Extracted information |
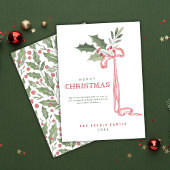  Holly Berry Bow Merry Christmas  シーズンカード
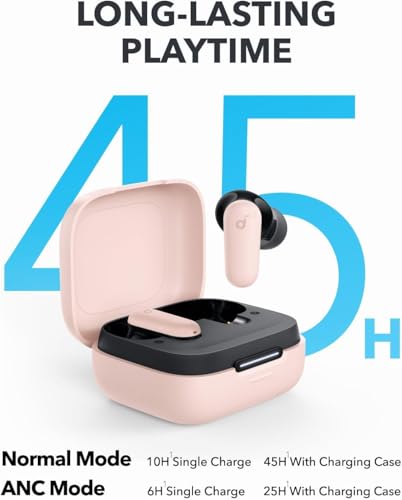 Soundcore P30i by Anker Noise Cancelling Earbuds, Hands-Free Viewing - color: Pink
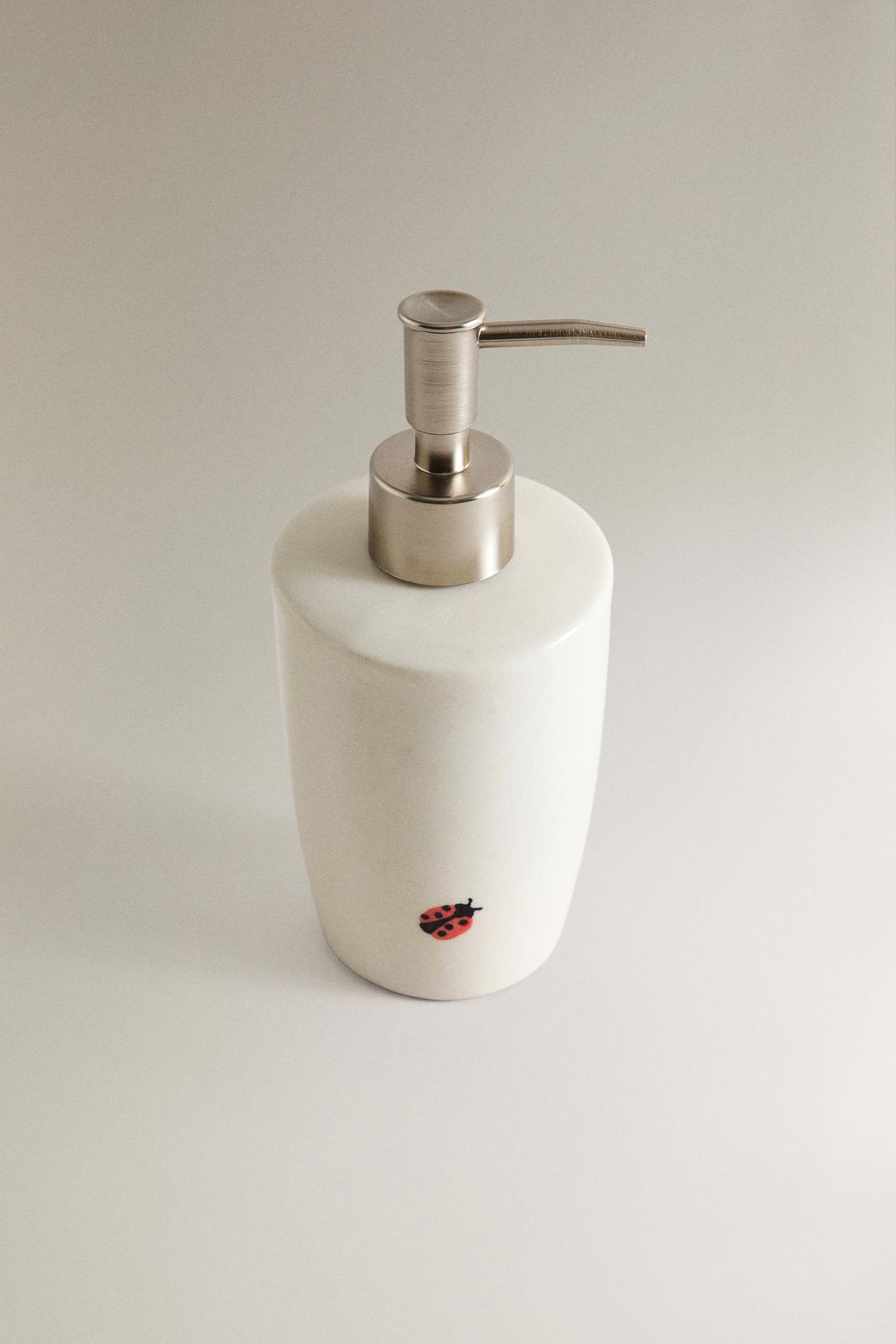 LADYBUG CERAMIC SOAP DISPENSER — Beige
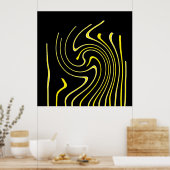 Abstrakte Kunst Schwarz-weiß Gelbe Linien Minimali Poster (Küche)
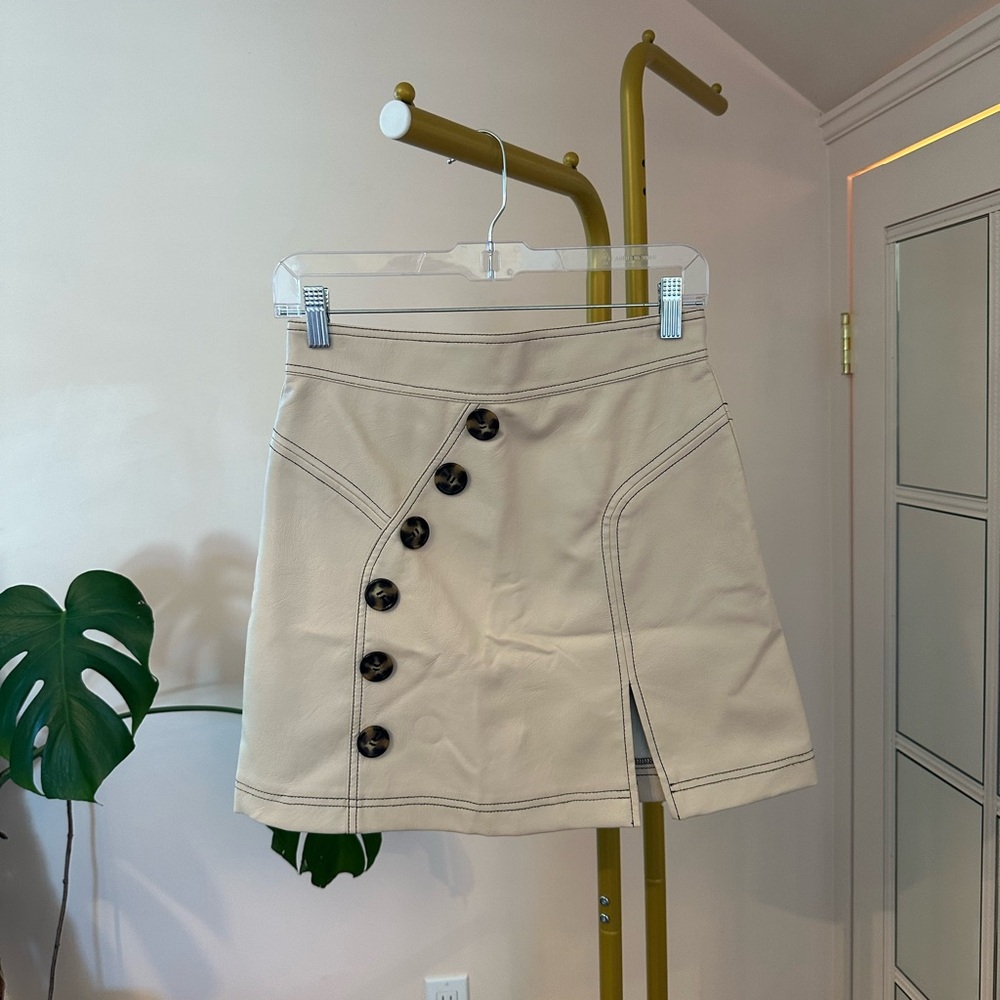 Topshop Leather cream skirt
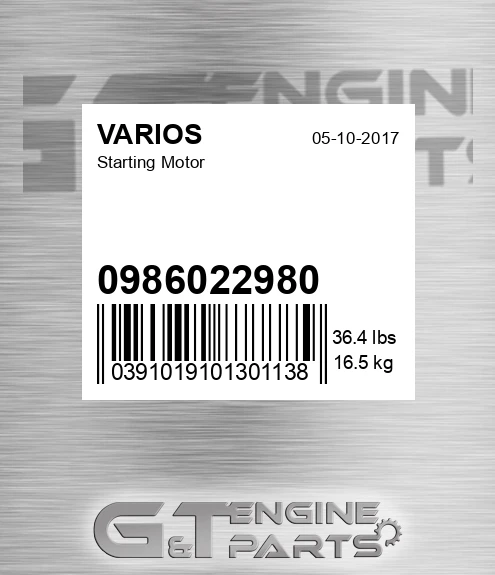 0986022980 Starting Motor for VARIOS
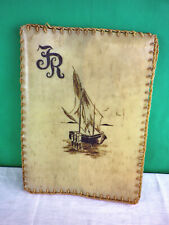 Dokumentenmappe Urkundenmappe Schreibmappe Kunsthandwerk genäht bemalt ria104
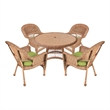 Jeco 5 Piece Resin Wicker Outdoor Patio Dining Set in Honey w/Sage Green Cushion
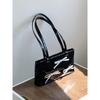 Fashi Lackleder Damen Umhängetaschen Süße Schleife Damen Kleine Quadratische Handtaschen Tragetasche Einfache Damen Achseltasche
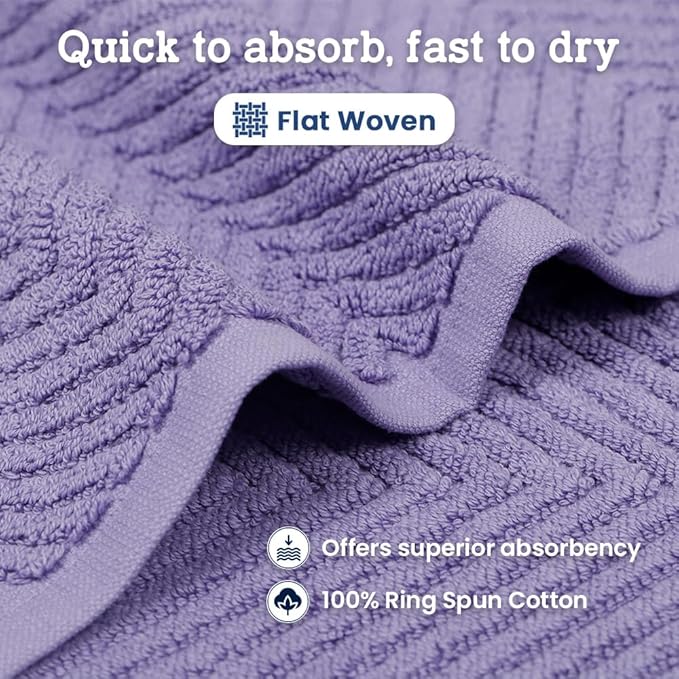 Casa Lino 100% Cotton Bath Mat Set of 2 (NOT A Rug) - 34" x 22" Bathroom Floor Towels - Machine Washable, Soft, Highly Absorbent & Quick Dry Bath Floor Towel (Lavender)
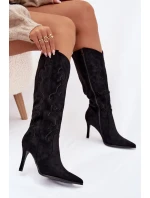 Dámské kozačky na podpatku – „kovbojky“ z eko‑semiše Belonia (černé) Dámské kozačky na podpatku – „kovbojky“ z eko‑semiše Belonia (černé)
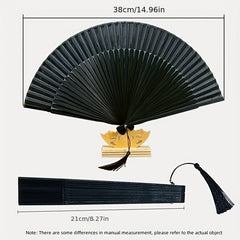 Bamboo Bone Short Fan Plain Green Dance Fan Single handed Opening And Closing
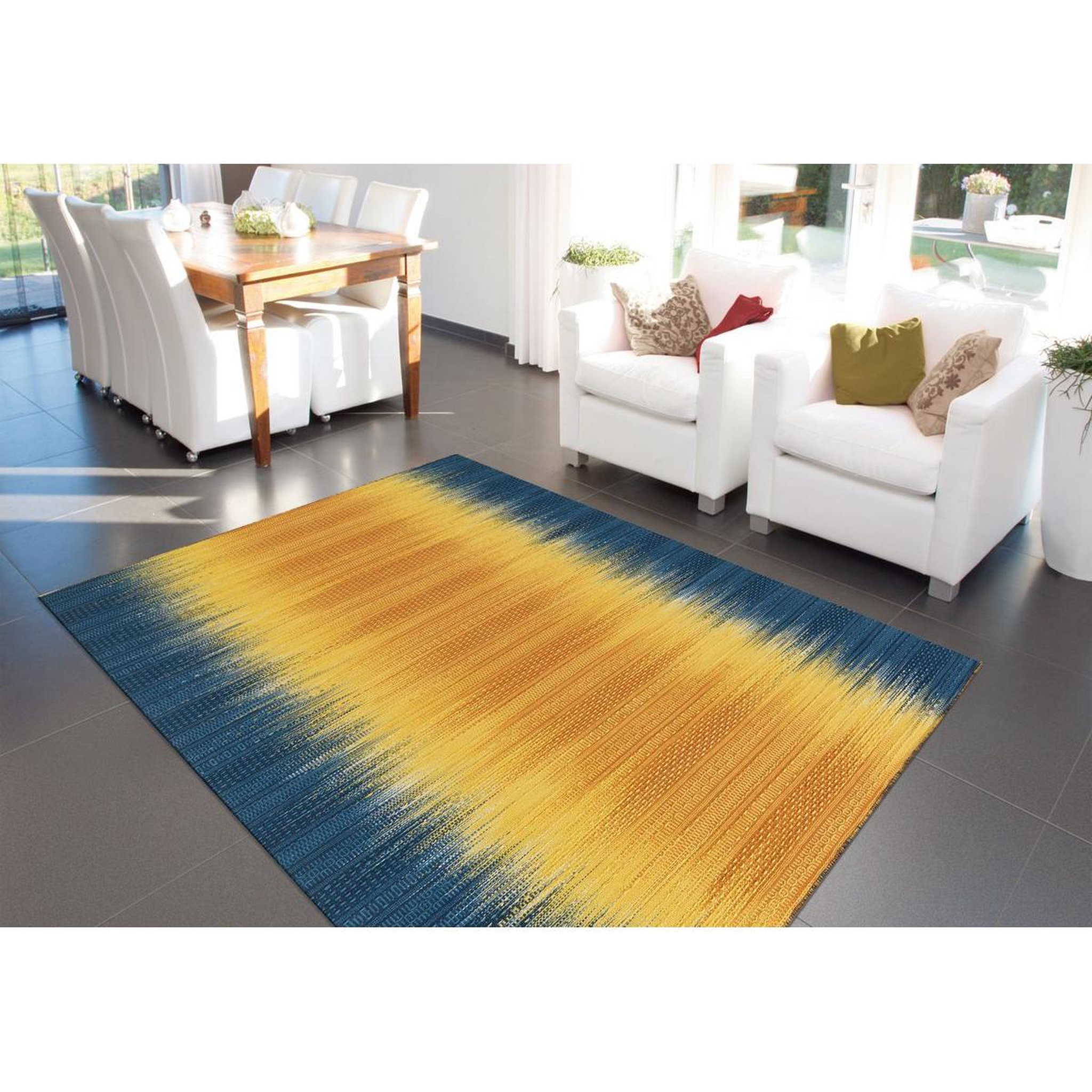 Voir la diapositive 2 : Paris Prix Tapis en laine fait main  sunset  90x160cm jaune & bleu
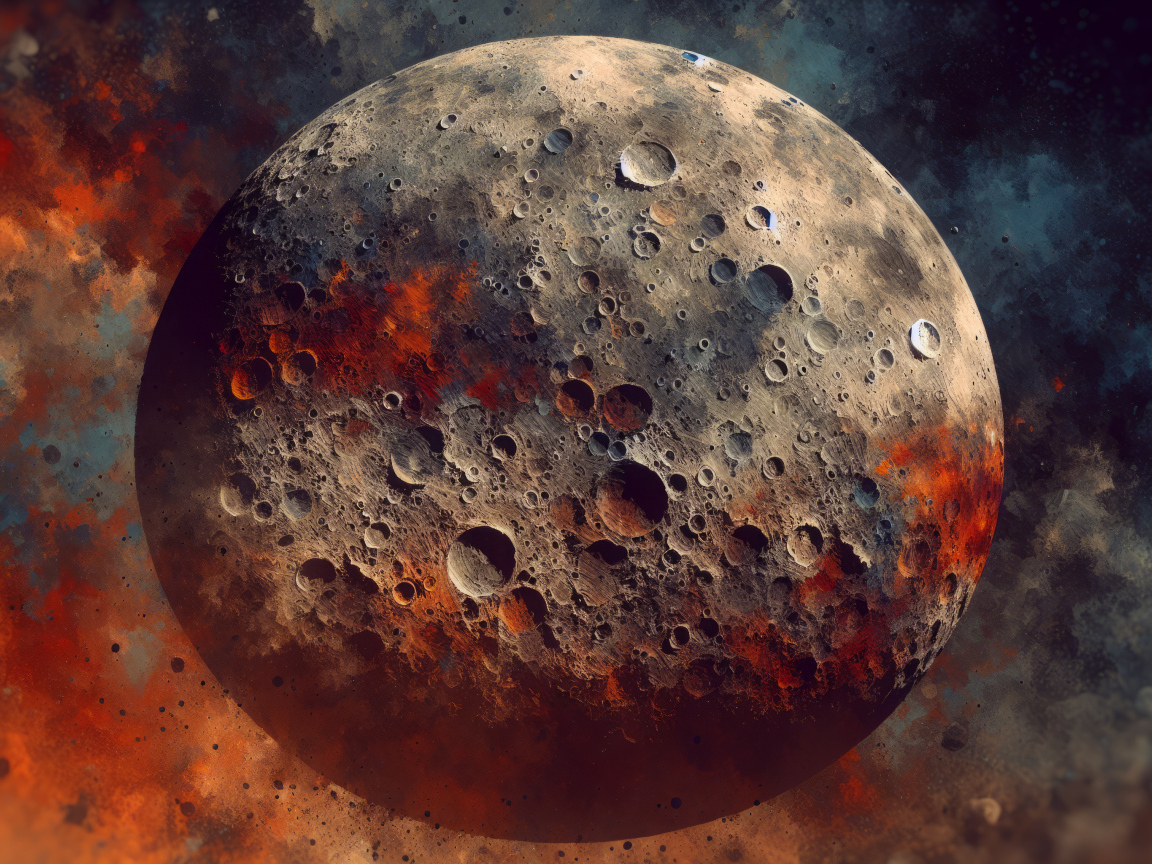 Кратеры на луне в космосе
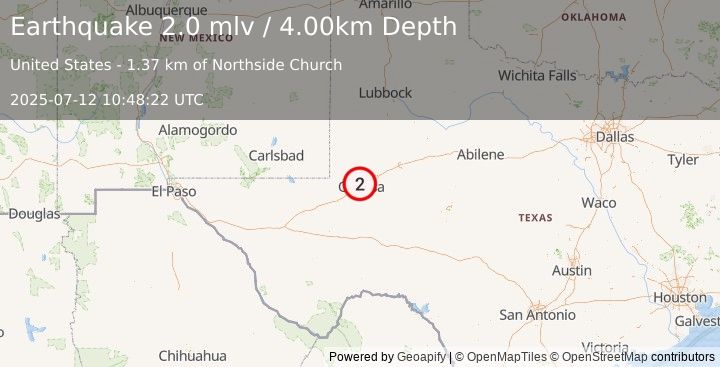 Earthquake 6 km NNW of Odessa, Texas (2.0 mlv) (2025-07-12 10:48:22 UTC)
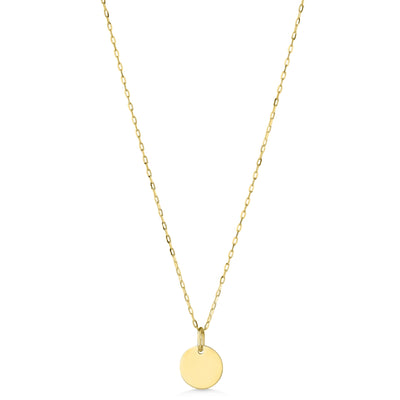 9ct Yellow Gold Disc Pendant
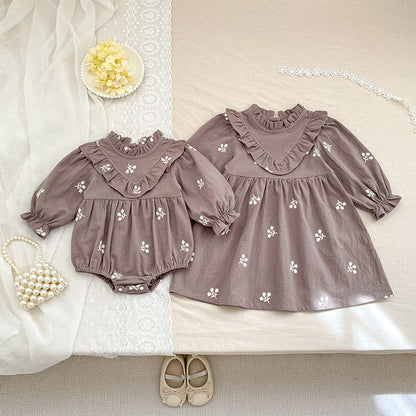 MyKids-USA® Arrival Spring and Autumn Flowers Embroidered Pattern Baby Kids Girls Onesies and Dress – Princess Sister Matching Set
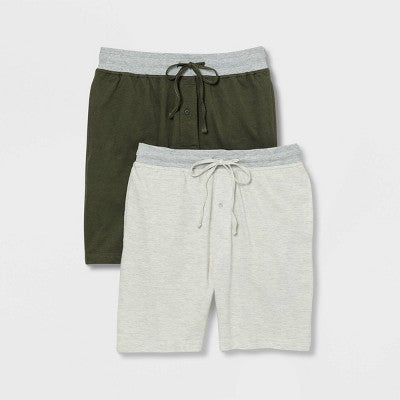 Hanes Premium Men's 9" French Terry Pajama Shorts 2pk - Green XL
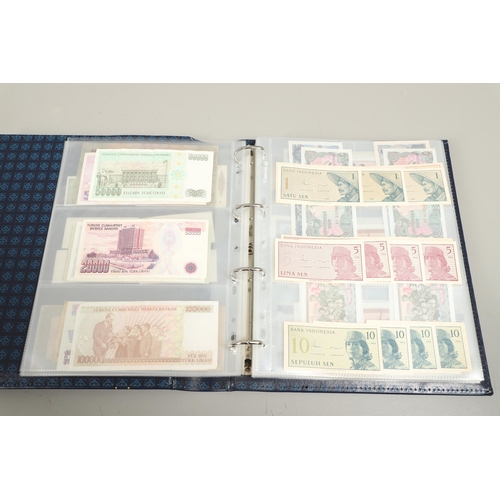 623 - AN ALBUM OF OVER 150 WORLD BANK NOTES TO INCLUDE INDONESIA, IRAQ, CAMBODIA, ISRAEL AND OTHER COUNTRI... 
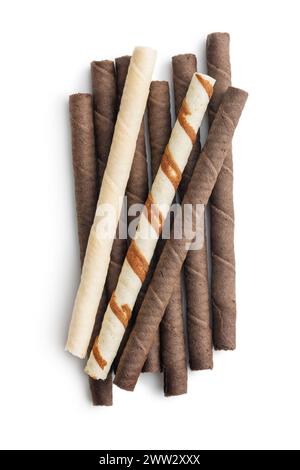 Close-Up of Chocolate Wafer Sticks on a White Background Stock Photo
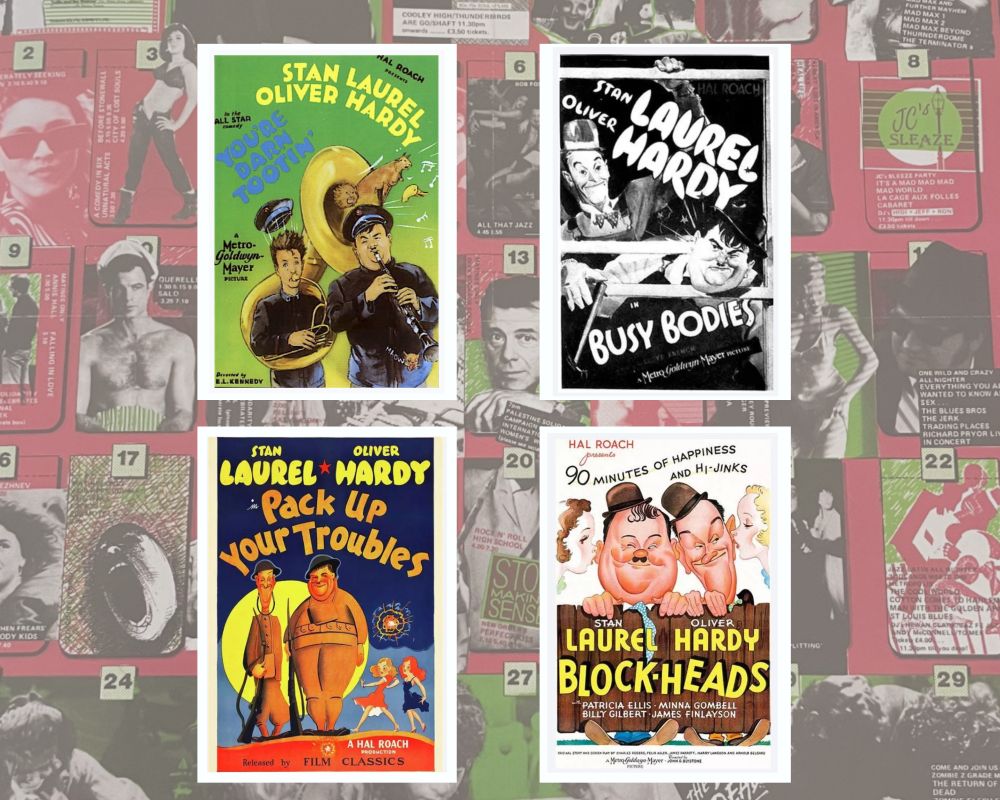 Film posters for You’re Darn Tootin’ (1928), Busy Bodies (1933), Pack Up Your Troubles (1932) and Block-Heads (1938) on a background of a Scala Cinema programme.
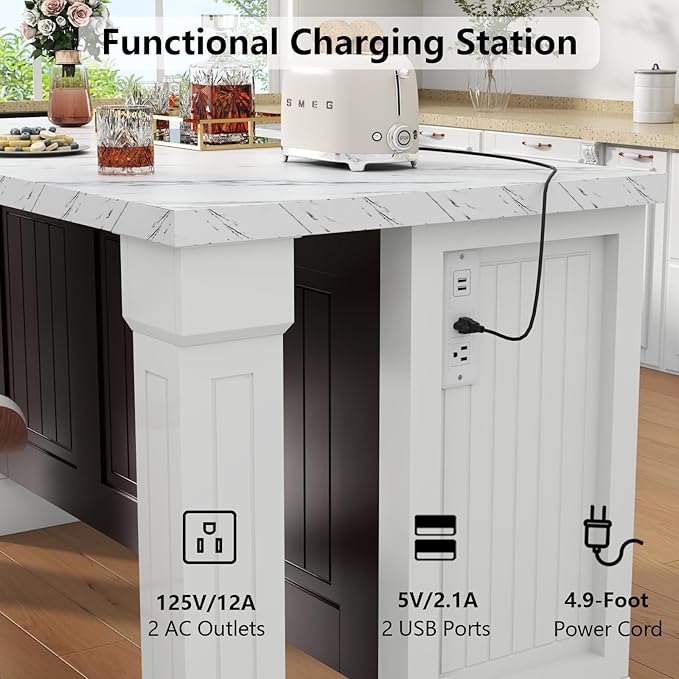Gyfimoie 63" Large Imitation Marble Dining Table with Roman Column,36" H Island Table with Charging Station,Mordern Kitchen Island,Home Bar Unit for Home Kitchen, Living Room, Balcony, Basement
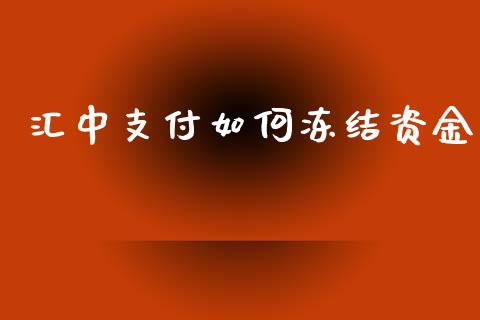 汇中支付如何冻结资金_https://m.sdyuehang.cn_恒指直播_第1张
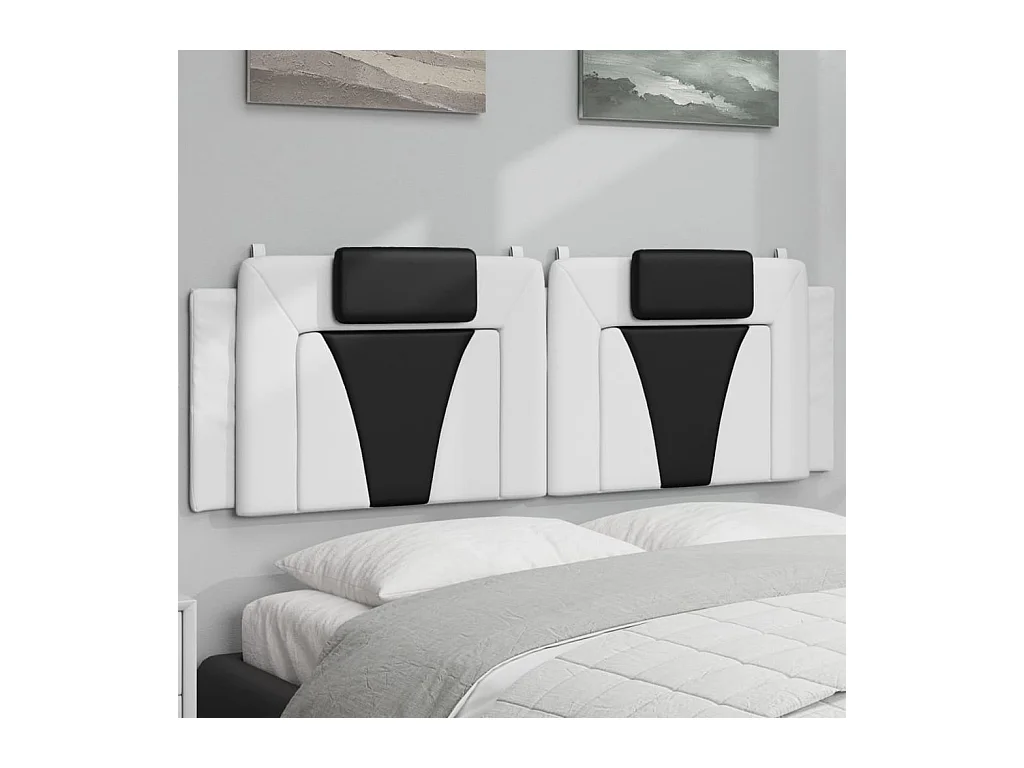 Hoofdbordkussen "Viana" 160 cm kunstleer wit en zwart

Brief | In the data above, start at the line holding "Bamboo Bone Short" and stop after the line holding "汇中支付如何冻结资金_htt"; write out those lines exactly, without pictures.

Answer below |
 Bamboo Bone Short Fan Plain Green Dance Fan Single handed Opening And Closing
 Voir la diapositive 2 : Paris Prix Tapis en laine fait main  sunset  90x160cm jaune & bleu
 Кратеры на луне в космосе
 Earthquake 6 km NNW of Odessa, Texas (2.0 mlv) (2025-07-12 10:48:22 UTC)
 9ct Yellow Gold Disc Pendant
 MyKids-USA® Arrival Spring and Autumn Flowers Embroidered Pattern Baby Kids Girls Onesies and Dress – Princess Sister Matching Set
 Hanes Premium Men's 9" French Terry Pajama Shorts 2pk - Green XL
 623 - AN ALBUM OF OVER 150 WORLD BANK NOTES TO INCLUDE INDONESIA, IRAQ, CAMBODIA, ISRAEL AND OTHER COUNTRI... 
 Close-Up of Chocolate Wafer Sticks on a White Background Stock Photo
 Film posters for You’re Darn Tootin’ (1928), Busy Bodies (1933), Pack Up Your Troubles (1932) and Block-Heads (1938) on a background of a Scala Cinema programme.
Gyfimoie 63" Large Imitation Marble Dining Table with Roman Column,36" H Island Table with Charging Station,Mordern Kitchen Island,Home Bar Unit for Home Kitchen, Living Room, Balcony, Basement
 汇中支付如何冻结资金_https://m.sdyuehang.cn_恒指直播_第1张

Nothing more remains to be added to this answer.